§ **Work order**: Look through the material below for "with". Copy every line that contains it.

§ **Available data**:
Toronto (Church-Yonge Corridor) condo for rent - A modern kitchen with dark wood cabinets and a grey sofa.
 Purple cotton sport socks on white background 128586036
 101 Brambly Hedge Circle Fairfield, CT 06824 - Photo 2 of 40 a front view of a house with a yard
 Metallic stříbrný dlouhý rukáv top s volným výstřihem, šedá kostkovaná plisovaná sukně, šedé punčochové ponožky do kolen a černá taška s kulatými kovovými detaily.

§ **Answer to the exercise**:
Toronto (Church-Yonge Corridor) condo for rent - A modern kitchen with dark wood cabinets and a grey sofa.
 101 Brambly Hedge Circle Fairfield, CT 06824 - Photo 2 of 40 a front view of a house with a yard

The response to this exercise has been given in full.